Short web captions:
******

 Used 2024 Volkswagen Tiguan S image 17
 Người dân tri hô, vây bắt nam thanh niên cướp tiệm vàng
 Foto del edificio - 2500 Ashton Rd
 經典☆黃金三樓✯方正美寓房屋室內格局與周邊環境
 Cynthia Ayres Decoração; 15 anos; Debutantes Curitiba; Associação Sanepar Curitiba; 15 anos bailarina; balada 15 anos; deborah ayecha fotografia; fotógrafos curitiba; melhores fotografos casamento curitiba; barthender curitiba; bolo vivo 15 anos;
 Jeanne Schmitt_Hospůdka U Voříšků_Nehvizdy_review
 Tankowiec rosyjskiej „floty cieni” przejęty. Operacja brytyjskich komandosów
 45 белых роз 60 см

******

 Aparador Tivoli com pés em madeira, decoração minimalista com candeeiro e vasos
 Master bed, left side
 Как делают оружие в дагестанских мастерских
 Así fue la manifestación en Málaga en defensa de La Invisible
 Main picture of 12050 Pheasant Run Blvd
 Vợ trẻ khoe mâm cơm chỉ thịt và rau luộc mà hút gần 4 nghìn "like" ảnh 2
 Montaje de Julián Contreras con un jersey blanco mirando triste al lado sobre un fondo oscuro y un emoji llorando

******

Taking the entries above, write out exactly each line from the one holding "Người dân tri" to the one holding "45 белых роз 60 см", both included, and stop there.

REPLY:
 Người dân tri hô, vây bắt nam thanh niên cướp tiệm vàng
 Foto del edificio - 2500 Ashton Rd
 經典☆黃金三樓✯方正美寓房屋室內格局與周邊環境
 Cynthia Ayres Decoração; 15 anos; Debutantes Curitiba; Associação Sanepar Curitiba; 15 anos bailarina; balada 15 anos; deborah ayecha fotografia; fotógrafos curitiba; melhores fotografos casamento curitiba; barthender curitiba; bolo vivo 15 anos;
 Jeanne Schmitt_Hospůdka U Voříšků_Nehvizdy_review
 Tankowiec rosyjskiej „floty cieni” przejęty. Operacja brytyjskich komandosów
 45 белых роз 60 см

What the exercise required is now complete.